Keçileri mi yazayım mimozları mı diye bir türlü karar veremiyorum. Hatta kapatılan hesabımın 11 yıllık hangi mazisini alıp da şuraya koyayım toparlayayım hiç bilmiyorum. Instagram’ı tuttum yedek hesabımla, Facebook mecbur açık geri kalan her sosyal medya saçmalığını kapattım. Bazı fotoğraflarımın yazılarını buldum bazılarına öyle güzel şeyler yazmıştım ki biliyorum ancak geri gelmiyor hafızama. Şimdi eski fotoğraflara eski duygularla yeni kelimeler toparlamaya çalışacağım. Hiçbiri kaybolsun istemiyorum. Bir başlayalım bakalım nereden çıkacağız.

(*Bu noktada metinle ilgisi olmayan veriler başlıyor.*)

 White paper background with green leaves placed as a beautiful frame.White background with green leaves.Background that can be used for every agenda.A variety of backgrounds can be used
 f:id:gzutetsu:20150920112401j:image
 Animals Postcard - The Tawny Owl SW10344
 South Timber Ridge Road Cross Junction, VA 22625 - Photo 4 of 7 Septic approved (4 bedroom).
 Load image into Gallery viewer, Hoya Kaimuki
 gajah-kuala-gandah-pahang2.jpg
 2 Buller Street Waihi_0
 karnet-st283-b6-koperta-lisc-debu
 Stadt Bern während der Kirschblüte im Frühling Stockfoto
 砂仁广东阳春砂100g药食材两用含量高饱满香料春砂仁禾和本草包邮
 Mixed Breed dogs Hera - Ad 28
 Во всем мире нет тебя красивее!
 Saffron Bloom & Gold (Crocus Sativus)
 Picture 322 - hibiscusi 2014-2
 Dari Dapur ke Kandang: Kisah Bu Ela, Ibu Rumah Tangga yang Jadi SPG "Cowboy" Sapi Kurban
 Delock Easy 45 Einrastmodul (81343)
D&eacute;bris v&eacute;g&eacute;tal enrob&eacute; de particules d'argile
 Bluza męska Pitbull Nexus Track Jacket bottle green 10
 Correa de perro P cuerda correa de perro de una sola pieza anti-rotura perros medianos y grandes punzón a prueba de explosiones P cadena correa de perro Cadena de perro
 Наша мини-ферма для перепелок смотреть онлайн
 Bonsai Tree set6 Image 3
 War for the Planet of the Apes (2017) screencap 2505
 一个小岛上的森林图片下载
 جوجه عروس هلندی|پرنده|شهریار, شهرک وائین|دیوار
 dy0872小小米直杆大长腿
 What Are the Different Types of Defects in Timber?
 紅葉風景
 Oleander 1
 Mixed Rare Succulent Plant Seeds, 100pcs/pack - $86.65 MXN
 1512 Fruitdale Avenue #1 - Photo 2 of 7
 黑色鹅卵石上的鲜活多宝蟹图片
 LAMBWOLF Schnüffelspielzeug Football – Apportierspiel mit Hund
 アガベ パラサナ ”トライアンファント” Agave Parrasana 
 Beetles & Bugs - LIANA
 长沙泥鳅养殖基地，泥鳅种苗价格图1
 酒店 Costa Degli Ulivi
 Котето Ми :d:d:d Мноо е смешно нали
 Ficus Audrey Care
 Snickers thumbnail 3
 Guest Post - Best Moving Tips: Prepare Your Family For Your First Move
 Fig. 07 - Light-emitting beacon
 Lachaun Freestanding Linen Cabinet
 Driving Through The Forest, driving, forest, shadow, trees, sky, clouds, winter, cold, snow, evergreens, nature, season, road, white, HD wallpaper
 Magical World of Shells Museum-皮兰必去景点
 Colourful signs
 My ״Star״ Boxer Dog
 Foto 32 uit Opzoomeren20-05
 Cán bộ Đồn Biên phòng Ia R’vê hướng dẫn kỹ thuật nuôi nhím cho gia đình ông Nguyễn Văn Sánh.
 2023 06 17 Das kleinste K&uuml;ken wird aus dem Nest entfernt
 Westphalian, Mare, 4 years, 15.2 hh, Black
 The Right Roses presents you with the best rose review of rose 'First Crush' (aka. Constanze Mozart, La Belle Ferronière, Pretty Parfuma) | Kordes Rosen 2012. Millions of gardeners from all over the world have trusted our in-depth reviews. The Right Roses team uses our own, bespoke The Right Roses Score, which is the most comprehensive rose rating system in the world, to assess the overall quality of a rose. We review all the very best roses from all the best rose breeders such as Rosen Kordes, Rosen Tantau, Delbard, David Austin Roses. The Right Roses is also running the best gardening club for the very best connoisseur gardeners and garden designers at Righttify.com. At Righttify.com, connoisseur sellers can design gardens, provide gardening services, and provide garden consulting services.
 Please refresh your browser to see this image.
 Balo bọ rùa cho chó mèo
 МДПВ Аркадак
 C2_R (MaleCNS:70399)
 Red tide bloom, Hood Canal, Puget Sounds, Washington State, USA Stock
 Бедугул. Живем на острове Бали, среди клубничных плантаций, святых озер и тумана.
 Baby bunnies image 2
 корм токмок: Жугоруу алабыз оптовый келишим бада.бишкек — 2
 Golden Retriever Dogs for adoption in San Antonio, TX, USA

Ve evet mimozalar ve oğlaklar.
Oğlaklar doğuyor ve aynı zamanlarda her yıl sarı sarı mimozalar döküyor çiçeklerini.
Oğlaklar yeni hayatı, mimozalar ise… mimozalar biraz karışık … biraz ölümü biraz ölümden doğan yaşamı hatırlatıyor.
Babam mimozalar ile gitti oğlum mimozalar ile geldi. Oğlaklar, mimozalar, babam, oğlum ve ben, film adı gibi. Oysa yazılmışı var: geçmiş bahar mimozaları. Mehmet oynamıştı ilk yılları sanırım kariyerinin sene 80lerin sonu olmalı. Mimozalar dediğinde işte bir de çocukluğum da düşüyor hatırıma, okul koridorları. Okul demişken yine bu sarışın devreye giriyor; yaş 4 yuvada sahneye çıkıp çiçek olacakmışız, biri papatya biri gül olarak biri bilemedim artık ne olarak çıkmış ben sence ? Tabbiiii ki Mimoza!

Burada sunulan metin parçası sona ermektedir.